Dr. Peter H. Russell, OC, FRSC
Peter H. Russell is Professor Emeritus of Political Science and was Founding Principal of Senior College at the University of Toronto. His scholarly work has focused on constitutional, judicial and Indigenous politics in Canada as well as in a comparative context, especially with other Westminster parliamentary democracies. His books include Constitutional Odyssey: Can Canadians Become A Sovereign People (2004), The Judiciary in Canada: The Third Branch of Government (1987), Recognizing Aboriginal Title: The Mabo Case and Indigenous Resistance to English-Settler Colonialism (2006), Two Cheers for Minority Government: The Evolution of Canadian Parliamentary Democracy (2008), and most recently, in 2017, Canada's Odyssey: A Country Based on Incomplete Conquests (2017). Peter Russell is an Officer of the Order of Canada, a Fellow and former Foreign Secretary of the Royal Society of Canada. In 2012 he received a Life Time Achievement Award from the American Political Science Association.

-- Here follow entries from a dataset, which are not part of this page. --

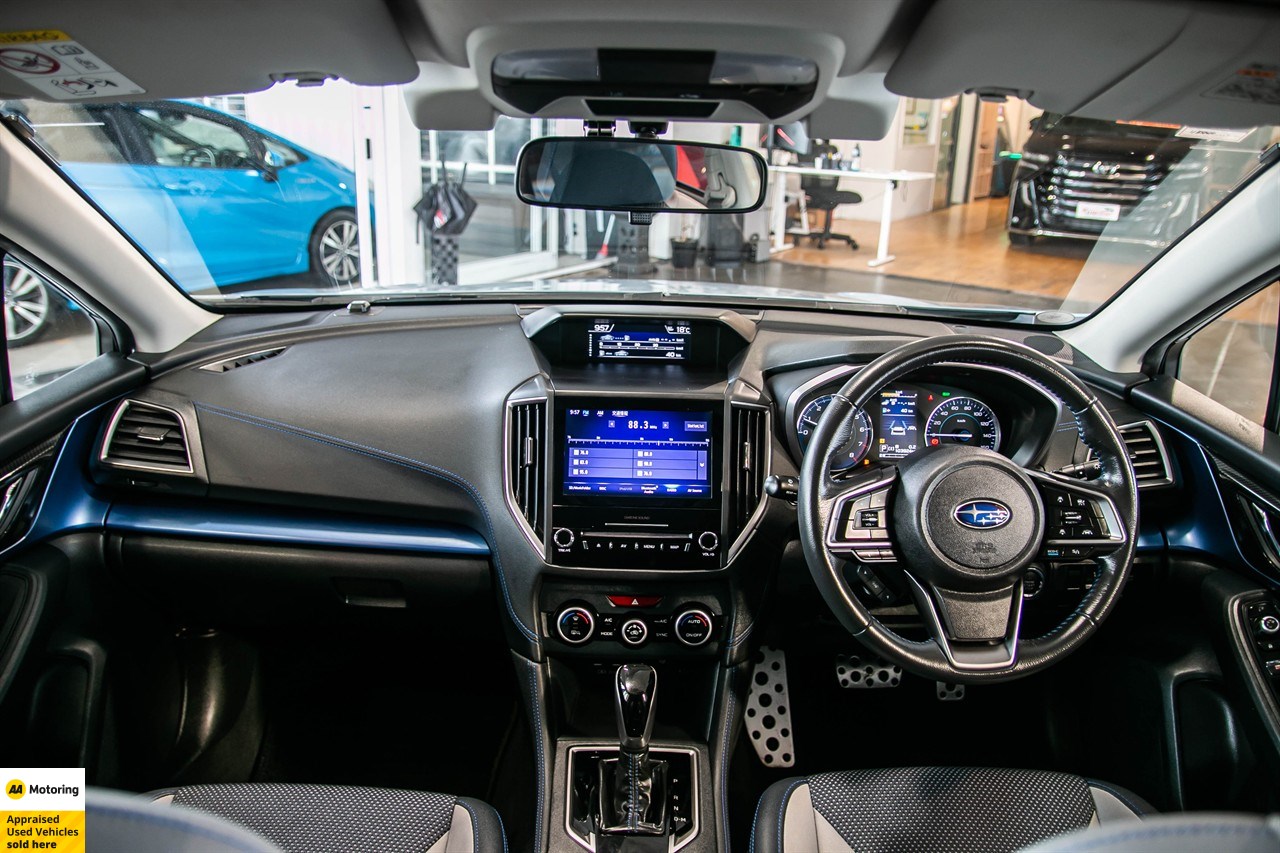2018 Subaru XV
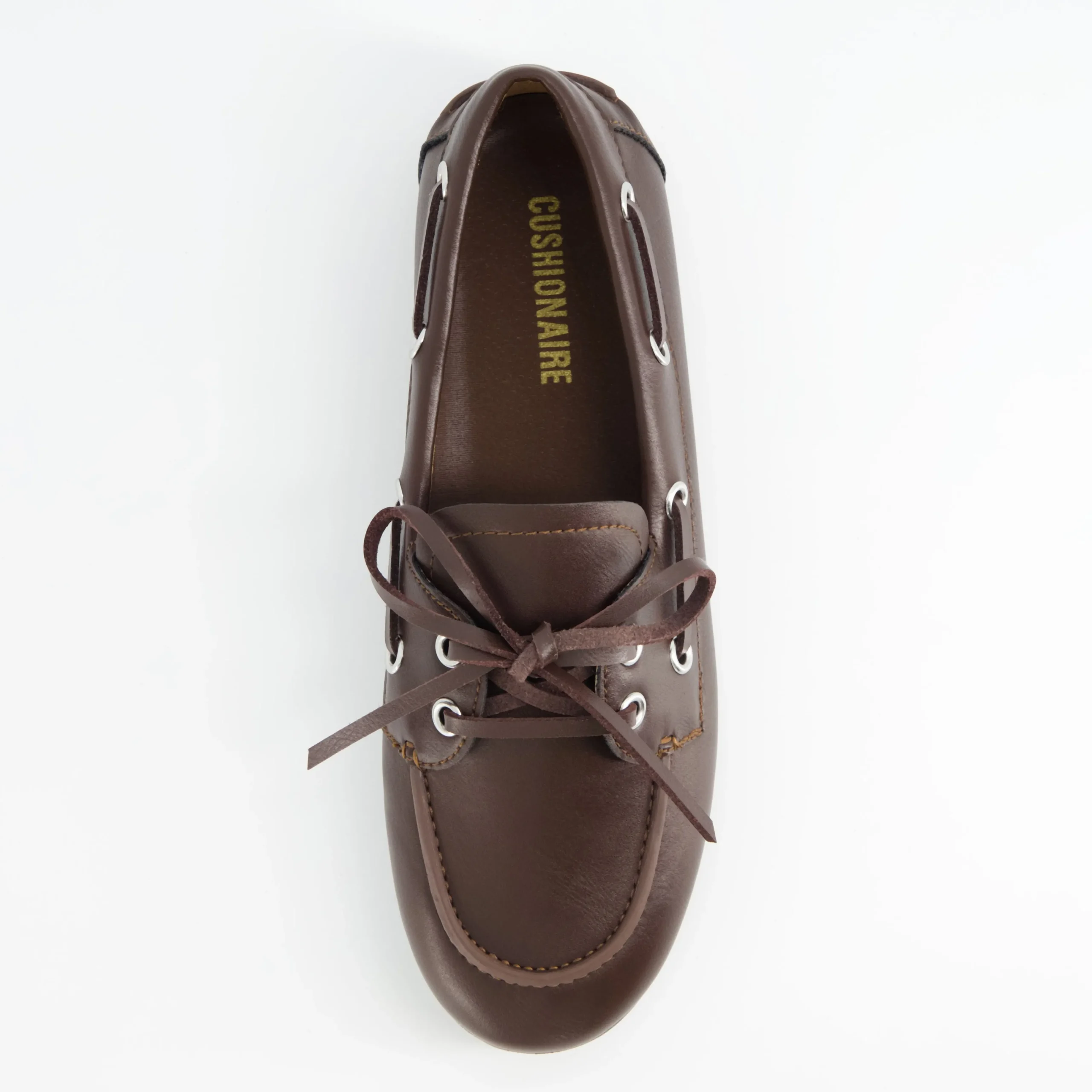 Casuals | Loafers>Cushionaire Anchor Boat Shoe
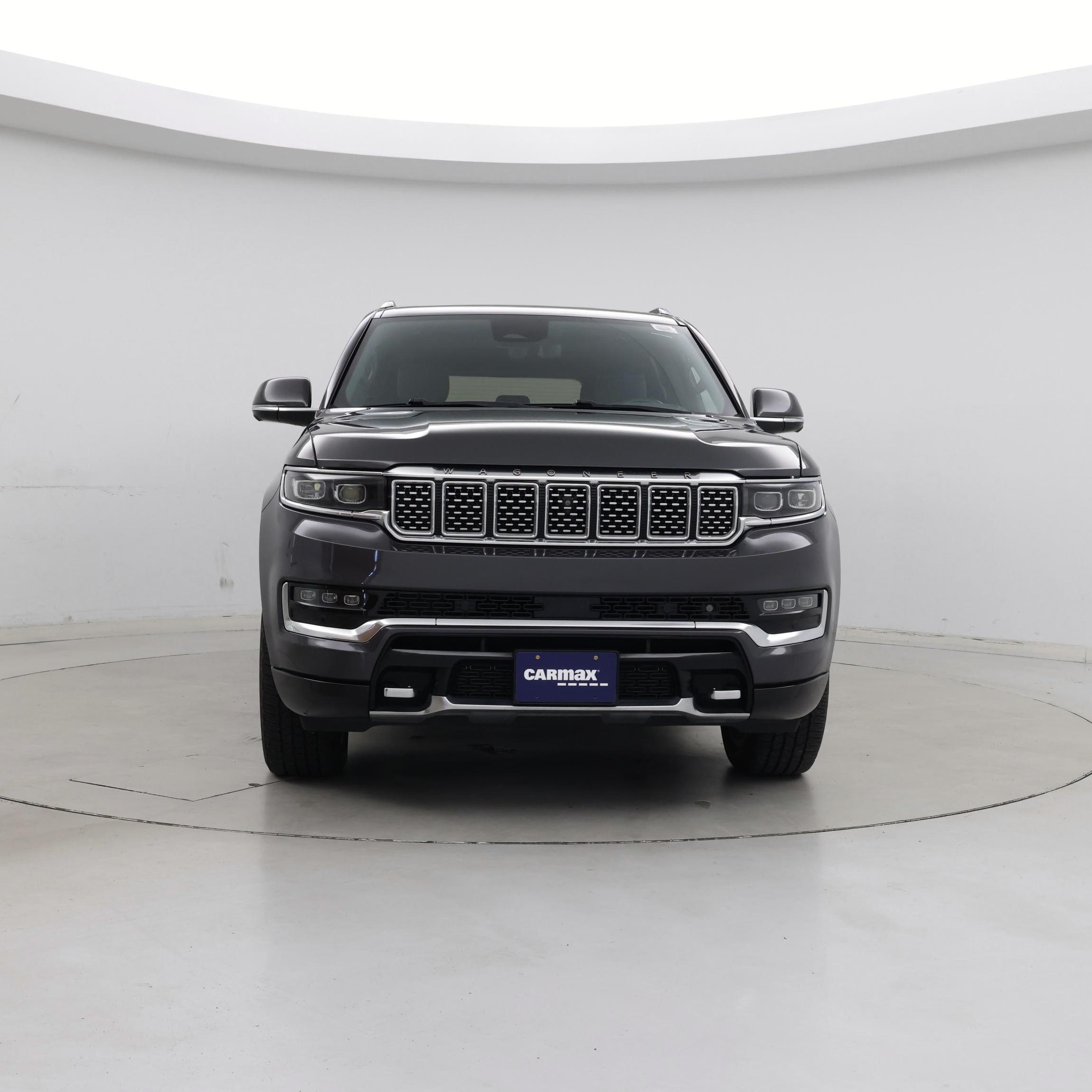 Thumbnail: 2022 Jeep Grand Wagoneer - 5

Dr. David E. Smith, OC, SOM, FRSC
David E. Smith has been a Distinguished Visiting Professor at Ryerson University and Professor Emeritus, Johnson-Shoyama Graduate School of Public Policy, University of Regina. He taught political studies at the University of Saskatchewan from 1964 to 2004 and is a previous president of the Canadian Political Science Association. His publications include a trilogy of works on each of the parts of Parliament, as well as books on political parties, the constitution, and federalism.The People's House of Commons: Theories of Democracy in Contention (University of Toronto Press, 2007) won the Donner Prize for the best book in Canadian public policy in 2007, and Across the Aisle: Opposition in Canadian Politics (2013) won the Canada Prize in Social Sciences in 2014. His most recent book (2017) is The Constitution in a Hall of Mirrors: Canada at 150 (University of Toronto Press). He is an Officer of the Order of Canada and a Member of the Saskatchewan Order of Merit.
Dr. Anne Twomey
Anne Twomey is a Professor of Constitutional Law at the University of Sydney. She previously worked for the High Court of Australia, the Commonwealth Parliamentary Research Service, the Australian Senate Legal and Constitutional Committee, and the Cabinet Office of New South Wales. She is author of The Chameleon Crown: The Queen and Her Australian Governors (2006), on the Crown's role in the decolonisation of the Australian States, and The Australia Acts 1986: Australia’s Statutes of Independence (2010). In 2018, Cambridge University Press published her book on the exercise of vice-regal reserve powers in the Realms, The Veiled Sceptre – Reserve Powers of Heads of State in Westminster Systems. She was an expert witness in the recent litigation concerning changes to the rules of succession in Canada.